De la Syrie, de par le cri du peuple syrien contre l’injustice, l’oppression et le crime ; de par le cri du peuple syrien qui fait appel à la liberté, les libertés ; de la plainte, la peine et la souffrance du peuple syrien qui réclame le départ du dictateur, la fin des violences, ainsi que toute politique arabe ou mondiale qui nous laisse périr inutilement ; de par le cri, la peine et la souffrance du peuple syrien sacrifié sur l’autel de sa liberté tandis que le monde arabe et l’Occident se contentent d’observer en attendant que leurs intérêts se réalisent avant de mettre fin à la cruauté et de dénoncer notre dictateur comme meurtrier ; de par le cri d’un peuple qui refuse toute ingérence militaire, embargo aérien ou guerre, qui refuse de voir les membres de son armée s’entretuer, mais réclame une initiative qui mette fin à la brutalité, il fait appel à une aide qui le sauve des sables mouvants où son pacifisme l’enlise et qui risquent de l’engloutir ou de l’isoler ; de par l’appel du peuple qui souhaite constituer un état démocratique entretenant des relations d’équité, de transparence et de paix avec le monde entier ; du cœur du peuple syrien souffrant et en son nom, je vous dis: intervenez, peuple du monde, pour arrêter la violence, les bains de sang et les crimes.
Merci d’avoir renvoyé l’ambassadeur
Considérez, vous, politiciens qui soutenez et appelez à la démocratie, le droit des peuples à la liberté.
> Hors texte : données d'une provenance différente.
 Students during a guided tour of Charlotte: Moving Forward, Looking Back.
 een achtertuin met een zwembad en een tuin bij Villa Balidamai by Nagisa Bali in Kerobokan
Réexaminez vos politiques faites de tergiversation et d’ambigüité visant l’acquisition d’autant de gains matériels que possible avant d’agir pour cesser les monstruosités. Merci d’avoir renvoyé l’ambassadeur, mais les observateurs internationaux, les organisations des droits de l’homme ainsi que les médias indépendants doivent intervenir, sinon vous aurez favorisé l’édification superficielle de l’homme, augmentant ainsi les vices de l’humanité. Malgré les progrès de l’éducation et de la technologie, nous demeurons au fond du gouffre en notre intérieur. L’heure est venue d’ennoblir notre conscience et notre pensée. L’heure est venue pour l’humanité de revivre le bonheur oublié. L’heure est venue pour que nous soyons unis et que nous prenions de l’autre ce dont on a besoin sans recourir au vol, au pillage et à la guerre. Il est grand temps de s’élever vers cette pensée et de l’adopter.»